The regulations affect recreation, endangered-species protections and livestock grazing, among other things, on all 192 million acres of the country's 155 national forests. Sally Collins, associate chief of the U.S. Forest Service, said the changes will replace a bureaucratic planning process with a more corporate management approach that will allow officials to respond to changing ecological and social conditions.
The new rules give economic activity equal priority with preserving the ecological health of the forests in making management decisions and in potentially liberalizing caps on how much timber can be taken from a forest. Forest Service officials estimated the changes will cut its planning costs by 30 percent and will allow managers to finish what amount to zoning requirements for forest users in two to three years, instead of the nine or 10 years they sometimes take now.
The government will no longer require that its managers prepare an environmental impact analysis with each forest's management plan, or use numerical counts to ensure there are "viable populations" of fish and wildlife. The changes will reduce the number of required scientific reports and ask federal officials to focus on a forest's overall health, rather than the fate of individual species, when evaluating how best to protect local plants and animals.

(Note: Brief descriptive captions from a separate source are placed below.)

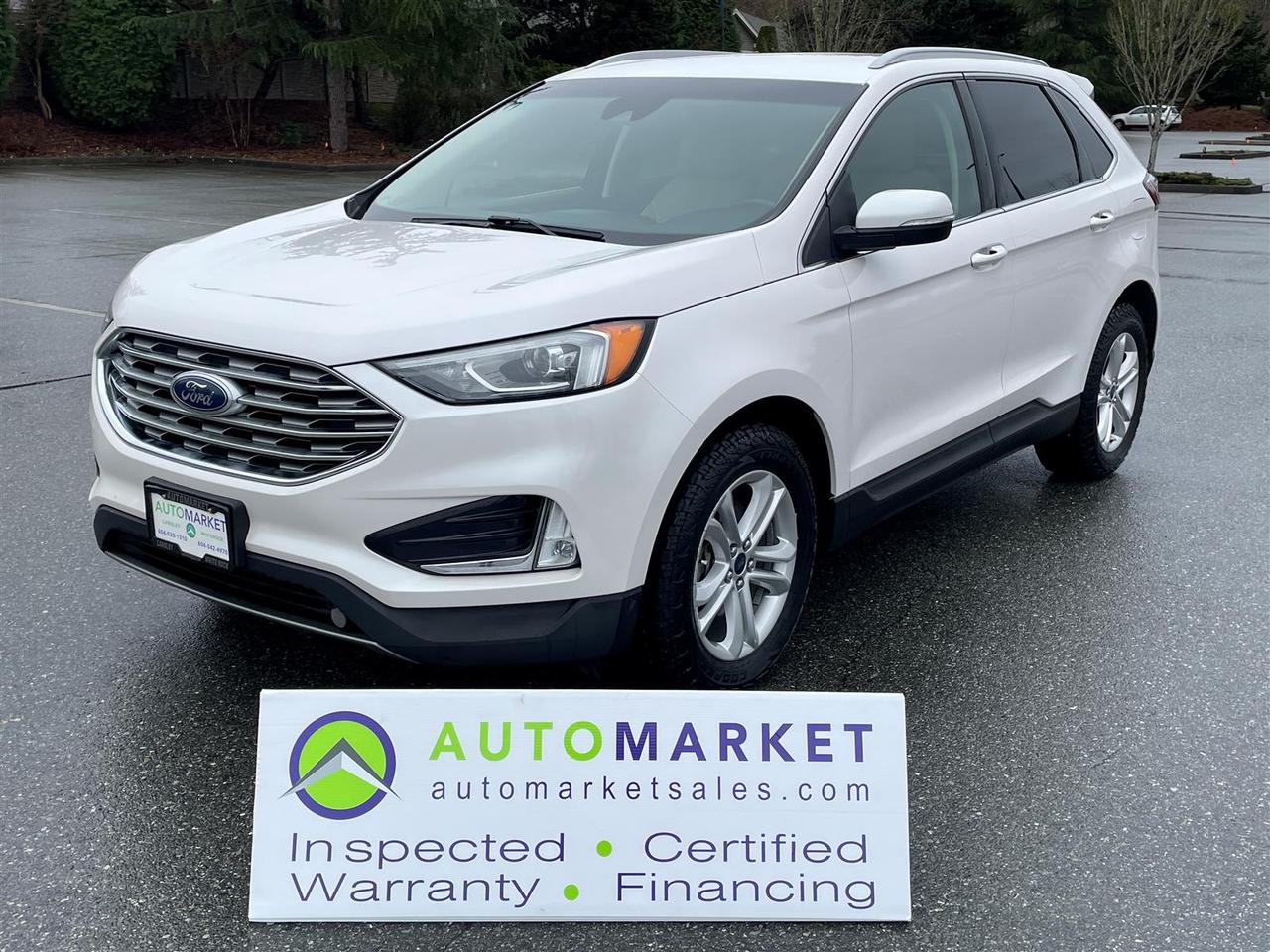 EXTREMELY CLEAN AND READY TO GO. WE CATER TO EVERY FINANCING SITUATION. IN-HOUSE, BANLS, LEASING! FREE WARRANTY, FULLY INSPECTED AND READY TO GO TODAY!<br /><br />Welcome to the Automarket, your community dealership of "YES". We are featuring an extremely clean 2. 1000 and 19 Ford Edge. This is a one owner local vehicle with an exceptionally big service history from the Ford dealership.<br /><br />having been fully inspected we know that the tires are 90% new on all 4. corners and the brakes are 60% new both on the front and the rear. We have also tested the battery, the alternator, The transmission and coolant fluids as well as change the oil and fully detailed the vehicle for your comfort and Peace of Mind.<br /><br />regardless of your credit we can finance anybody on this beautiful vehicle whether it's an in house lease bank financing with good or bad credit or leasing.<br /><br />2 LOCATIONS TO SERVE YOU, BE SURE TO CALL FIRST TO CONFIRM WHERE THE VEHICLE IS PARKED<br />WHITE ROCK 604-542-4970 LANGLEY 604-533-1310 OWNER'S CELL 604-649-0565<br /><br />We are a family owned and operated business since 1983 and we are committed to offering outstanding vehicles backed by exceptional customer service, now and in the future.<br />What ever your specific needs may be, we will custom tailor your purchase exactly how you want or need it to be. All you have to do is give us a call and we will happily walk you through all the steps with no stress and no pressure.<br />WE ARE THE HOUSE OF YES?<br />ADDITIONAL BENFITS WHEN BUYING FROM SK AUTOMARKET:<br />ON SITE FINANCING THROUGH OUR 17 AFFILIATED BANKS AND VEHICLE FINANCE COMPANIES<br />IN HOUSE LEASE TO OWN PROGRAM.<br />EVRY VEHICLE HAS UNDERGONE A 120 POINT COMPREHENSIVE INSPECTION<br />EVERY PURCHASE INCLUDES A FREE POWERTRAIN WARRANTY<br />EVERY VEHICLE INCLUDES A CARFAX AND ICBC DAMAGE REPORT<br />EVERY VEHICLE IS GUARANTEED LIEN FREE<br />DISCOUNTED RATES ON PARTS AND SERVICE FOR YOUR NEW CAR AND ANY OTHER FAMILY CARS THAT NEED WORK NOW AND IN THE FUTURE.<br />36 YEARS IN THE VEHICLE SALES INDUSTRY<br />A+++ MEMBER OF THE BETTER BUSINESS BUREAU<br />RATED TOP DEALER BY CARGURUS 2 YEARS IN A ROW<br />MEMBER IN GOOD STANDING WITH THE VEHICLE SALES AUTHORITY OF BRITISH COLUMBIA<br />MEMBER OF THE AUTOMOTIVE RETAILERS ASSOCIATION<br />COMMITTED CONTRIBUTER TO OUR LOCAL COMMUNITY AND THE RESIDENTS OF BC<br /><br /> This vehicle has been Fully Inspected, Certified and Qualifies for Our Free Extended Warranty.Don't forget to ask about our Great Finance and Lease Rates. We also have a Options for Buy Here Pay Here and Lease to Own for Good Customers in Bad Situations. 2 locations to help you, White Rock and Langley. Be sure to call before you come to confirm the vehicles location and availability or look us up at www.automarketsales.com. White Rock 604-542-4970 and Langley 604-533-1310. Serving Surrey, Delta, Langley, Richmond, Vancouver, all of BC and western Canada. Financing & leasing available. CALL SK AUTOMARKET LTD. 6045424970. Call us toll-free at 1 877 813-6807. $999 Documentation fee (negotiable) and applicable taxes are in addition to advertised prices. LANGLEY LOCATION DEALER# 40038 S. SURREY LOCATION DEALER #9987<br />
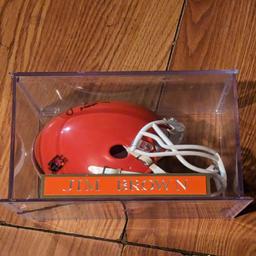 Jim Brown autographed mini helmet with coa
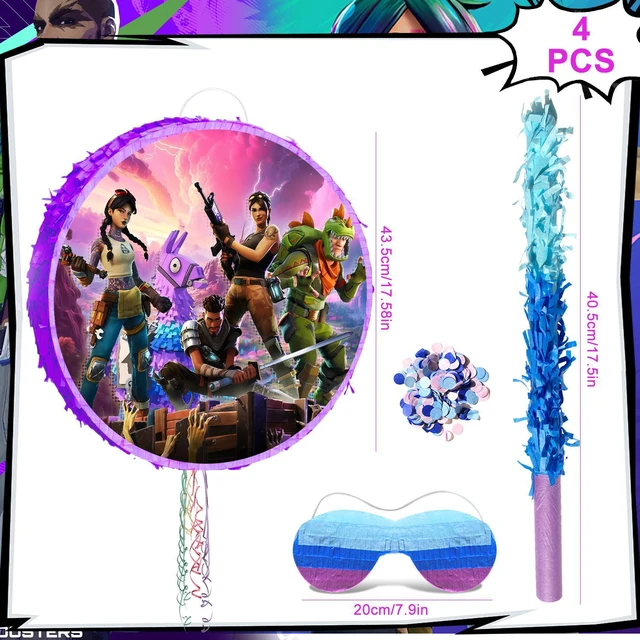 Alt view image 6 of 6 - Fortnite Piñata,4pcs Fortnite Themed Party Pinata Bundle - Fortnite Round Piñata Large,Fortnite Party Decorations Blindfold & Piñata Stick etc Fortnite Birthday Party Supplies for Kids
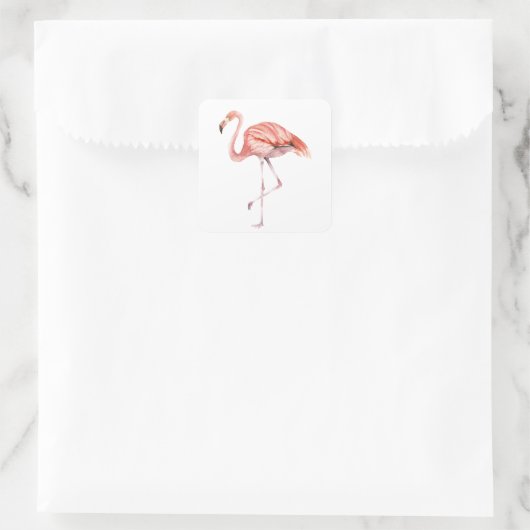 Roze Flamingo Vierkante Sticker (Tas)
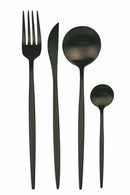 Servizio Set di Posate 24 Pezzi in Acciaio Finitura Nero Opaco Villa d'Este Home Tivoli Preciosa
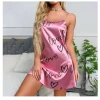 Sleepwear Women's Sexy Lingerie Heart Print Nightdress Scoop Neck Criss Cross Back Sleepdress Nightgowns Pajamas Nighties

"We're really in a new world," Collins said in an interview. "You've got to have different plans for different places, and you've got to have more dynamic plans."
Critics such as Rep. Tom Udall (D-N.M.), a member of the House Resources Committee who tried twice unsuccessfully to block the proposed rules, said the changes will promote logging and other commercial exploitation of the national forests and relegate the public to the sidelines.
"With Bush's anti-environmental forest policy, you can't blame him for trying to hide behind other news, but not even Scrooge would unveil these regulations," Udall said. "These regulations, being offered two days before Christmas, cut the public out of the forest planning process, will inspire many more lawsuits and provide less protection for wildlife. It's a radical overhaul of forest policy."
Collins said the administration sought to update the rules to address new challenges, such as invasive species and forest fires, and to give the public input on how to manage the forests rather than commenting on individual projects.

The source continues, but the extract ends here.